(1) CGT event F4 happens if a lessee receives a payment from the lessor for agreeing to vary or waive a term of the lease.
The payment can include giving property: see section 103-5.
(2) The time of the event is when the term is varied or waived.
(3) The lessee makes a capital gain if the * capital proceeds from the event are more than the lease's * cost base (at the time of the event). If the lessee makes a * capital gain, the lease's cost base is also reduced to nil.
Note: The lessee cannot make a capital loss.
(4) On the other hand, if those * capital proceeds are less , the lease's * cost base is reduced by that amount at the time of the event.
Example: On 1 January 1999 a lessee enters a lease. On 1 May 1999 the lessee agrees to waive a term. The lessor pays the lessee $1,000 for this.

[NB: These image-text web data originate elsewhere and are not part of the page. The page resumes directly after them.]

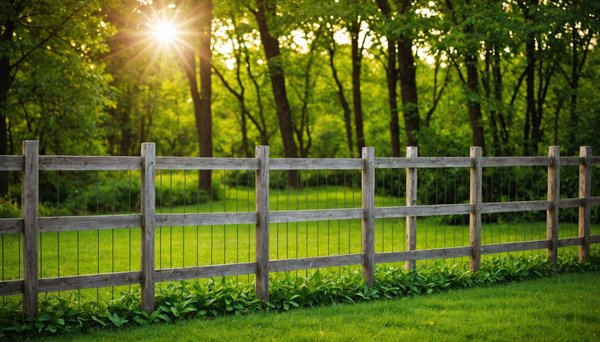 Optez pour le grillage rigide écologique : un choix durable et responsable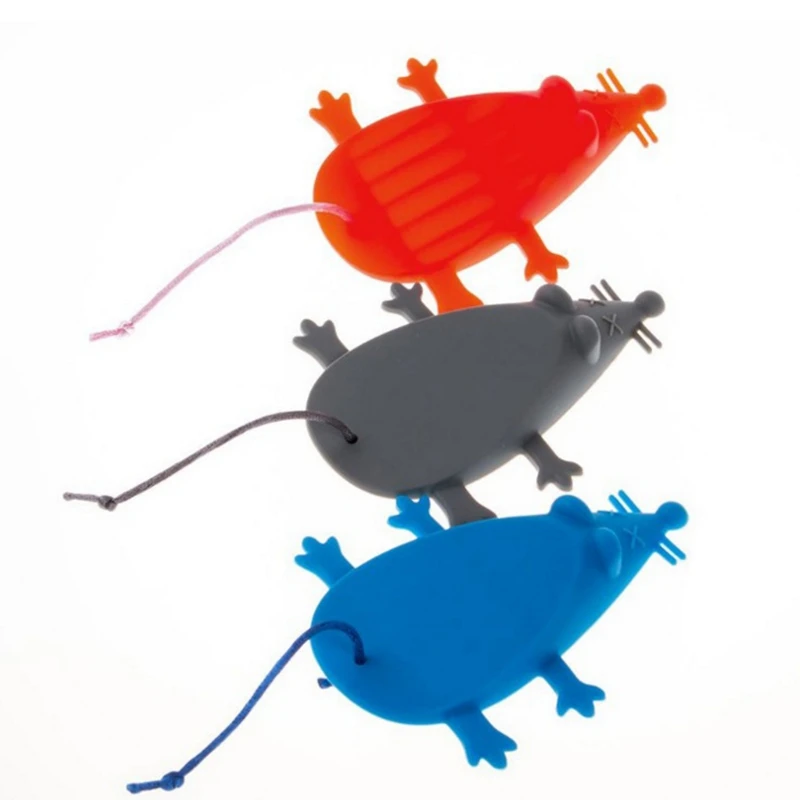 Baby Safety Door Stop Lock Silicone Mouse Shape Door Stopper Kids Door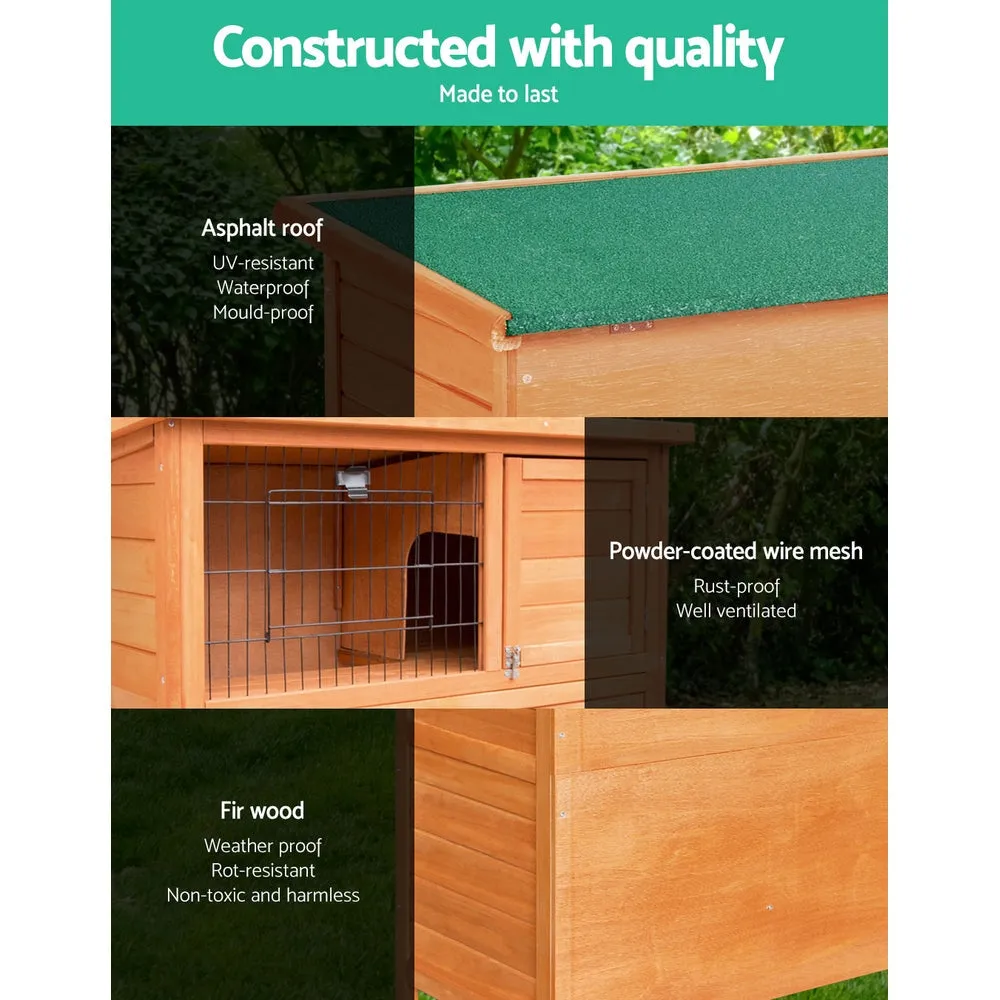 Wooden Pet Coop 93cm Tall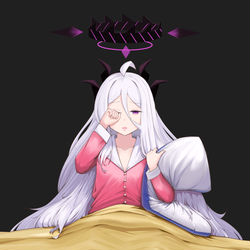 刚睡醒的日奈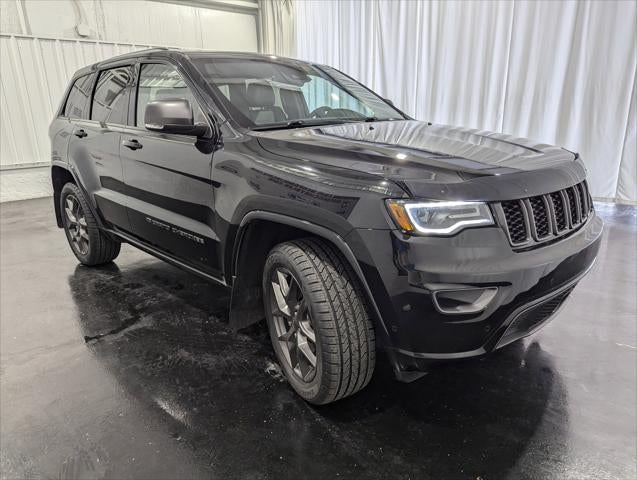 2021 Jeep Grand Cherokee 80th Anniversary 4X4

If the lease's cost base at the time of the waiver is $2,500, it is reduced from $2,500 to $1,500.
On 1 September 1999 the lessee agrees to waive another term. The lessor pays the lessee $2,000 for this.
If the lease's cost base at the time of the waiver is $1,500, the lessee makes a capital gain of $500, and the cost base is reduced to nil.
(5) A * capital gain the lessee makes is disregarded if:
(a) the lease was granted before 20 September 1985; or
(b) for a lease that has been renewed or extended--the start of the last renewal or extension occurred before that day.